Exercise \(\PageIndex{1}\)

Use the comparison test to determine whether the following series converge.

1) \(\displaystyle \sum^∞_{n=1}a_n\) where \(\displaystyle a_n=\frac{2}{n(n+1)}\)

2) \(\displaystyle \sum^∞_{n=1}a_n\) where \(\displaystyle a_n=\frac{1}{n(n+1/2)}\)

Answer

Solution: Converges by comparison with \(\displaystyle 1/n^2\).

3) \(\displaystyle \sum^∞_{n=1}\frac{1}{2(n+1)}\)

4) \(\displaystyle \sum^∞_{n=1}\frac{1}{2n−1}\)

Answer

Solution: Diverges by comparison with harmonic series, since \(\displaystyle 2n−1≥n.\)

5) \(\displaystyle \sum^∞_{n=2}\frac{1}{(nlnn)^2}\)

6) \(\displaystyle \sum^∞_{n=1}\frac{n!}{(n+2)!}\)

Answer

Solution: \(\displaystyle a_n=1/(n+1)(n+2)<1/n^2.\) Converges by comparison with p-series, \(\displaystyle p=2\).
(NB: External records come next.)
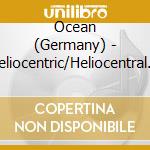 Ocean (Germany) - Heliocentric/Heliocentral (2Cd) cd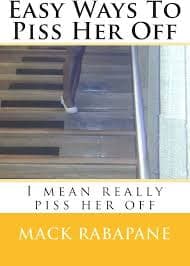 Easy ways to piss her off: I mean really piss her off: Rabapane, Mr Mack Masene: 9781491284872: Amazon.com: Books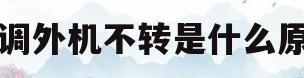 空调外机不转是什么原因(海尔驻车空调外机不转是什么原因)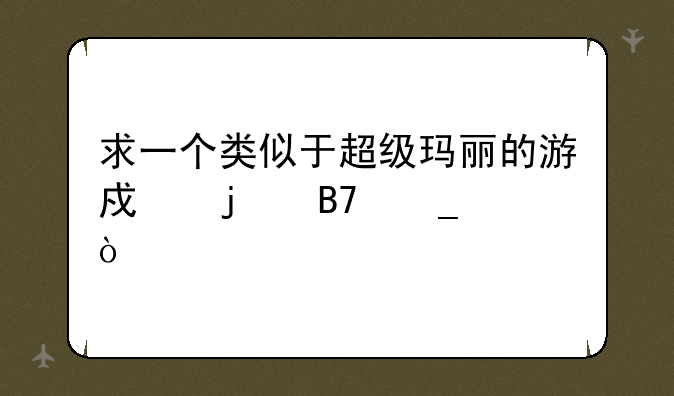 求一个类似于超级玛丽的游戏的名字？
7) \(\displaystyle \sum^∞_{n=1}\frac{1}{n!}\)

8) \(\displaystyle \sum^∞_{n=1}\frac{sin(1/n)}{n}\)

Answer

Solution: \(\displaystyle sin(1/n)≤1/n,\) so converges by comparison with p-series, \(\displaystyle p=2\).

9) \(\displaystyle \sum_{n=1}^∞\frac{sin^2n}{n^2}\)

10) \(\displaystyle \sum_{n=1}^∞\frac{sin(1/n)}{\sqrt{n}}\)

Answer

Solution: \(\displaystyle sin(1/n)≤1,\) so converges by comparison with p-series, \(\displaystyle p=3/2.\)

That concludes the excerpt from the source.